GOAL OF THE EXERCISE:
Repeat the data word for word and skip the pictures.

DATA BELOW:
════════════════

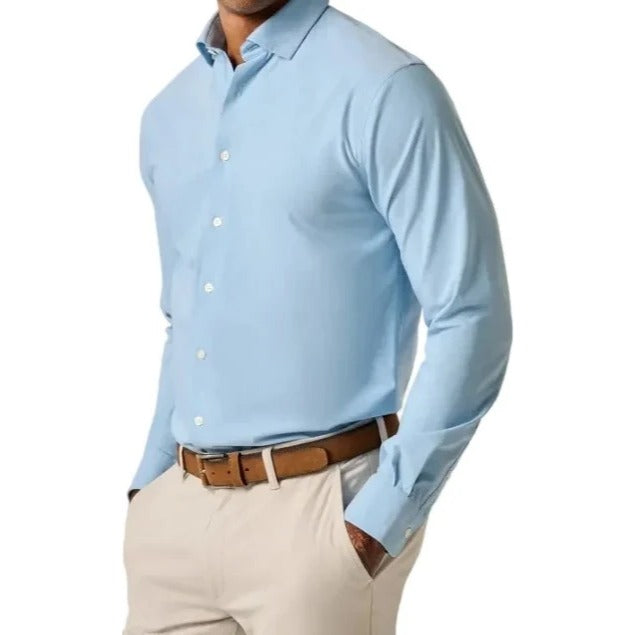 Man wearing a light blue dress shirt and beige pants against a plain background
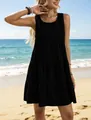 Fashionable sleeveless black tiered A-line summer dress with textured fabric on a beach - S / Dresses / Black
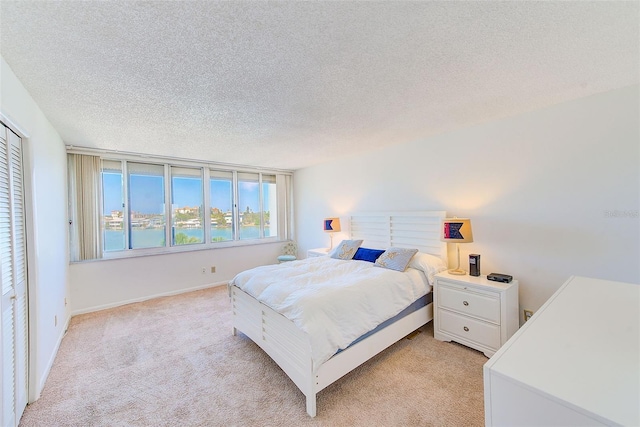 carpeted bedroom with a closet, a water view, and a textured ceiling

════════════════

TASK SOLUTION:
 Man wearing a light blue dress shirt and beige pants against a plain background
 Fashionable sleeveless black tiered A-line summer dress with textured fabric on a beach - S / Dresses / Black
 carpeted bedroom with a closet, a water view, and a textured ceiling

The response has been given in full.